Query latency data is statistically analyzed based on daily audit data.

Query Latency P99 is an important performance monitoring metric that measures the distribution of system response times. Specifically, P99 indicates the time within which 99% of requests receive a response. This metric is crucial for evaluating service quality and user experience.

Monitoring P99 latency provides insight into the service response speed that most users experience. If P99 latency is too high, you may need to add computing resources or optimize query logic to improve processing efficiency.

Displaying query latency data for the last seven days helps you identify potential performance risks in an instance early. This helps prevent major impacts on your services.

DB Lock

The DB Lock feature monitors and analyzes lock contention that occurs during database access. This feature is especially useful when multiple transactions attempt to access or modify the same data resource simultaneously. To ensure data consistency and integrity, the database uses a lock mechanism to control concurrent access to specific data rows or tables. If a transaction waits a long time to acquire a lock, it can affect the overall system response speed and service quality. DB Lock data helps you analyze these performance issues.

SQL query analysis

This section ranks SQL statements executed by StarRocks based on dimensions such as query time, CPU consumption, and memory consumption. This helps you identify the top SQL statements and view their execution metrics. You can use these metrics to optimize potential performance issues. For example, in the Slow SQL Top10 section, you can view the 10 SQL statements with the longest execution time on a specified date. Then, you can use the details provided in the Profile Query Analysis section to optimize these slow SQL statements. For more information, see Introduction to Query Profile.

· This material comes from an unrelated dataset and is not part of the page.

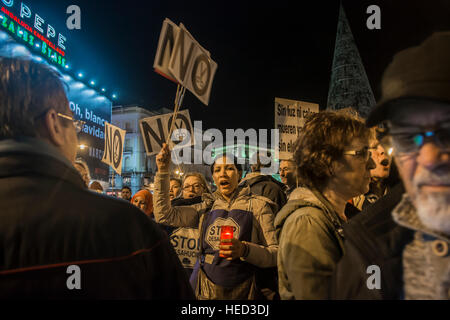 Madrid, Spanien. 21. Dezember 2016. Tausende marschieren durch Madrid aus Protest gegen leichte Kürzungen. Rund 7 Millionen Menschen in Spanien haben Schwierigkeiten, das elektrische Licht zu bezahlen und mehr als fünf Millionen haben diesen Winter nicht heizen. Jedes Jahr sterben in Spanien mehr Menschen aus Mangel an Versorgungsmaterialien Elektrizität als Autounfälle ausgerechnet in dieser Demonstration haben Parolen wie "Kürzungen nicht mehr Licht". Im Bild eine Frau schreien "nicht mehr Licht Schnitten" Credit: Alberto Sibaja Ramírez/Alamy Live News Stockfoto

The following table describes the main fields in the report.

Field Name	Description
Query ID	The unique identifier generated for each SQL execution in StarRocks. A new ID is generated for each SQL execution.
User	The StarRocks database user who executes the SQL statement.
Query Time	The time consumed during SQL execution. Unit: ms.
CPU Execution Time	The CPU time consumed during SQL execution. This is the sum of the CPU time of all CPU cores involved in the execution. Unit: ns.
Memory Usage	The memory consumed during SQL execution. Unit: bytes.
Scan Bytes	The amount of data accessed during SQL execution. Unit: bytes.
Scan Rows	The number of data rows accessed during SQL execution.
Return Rows	The number of result rows returned after SQL execution.
SQL Text	The text of the executed SQL statement.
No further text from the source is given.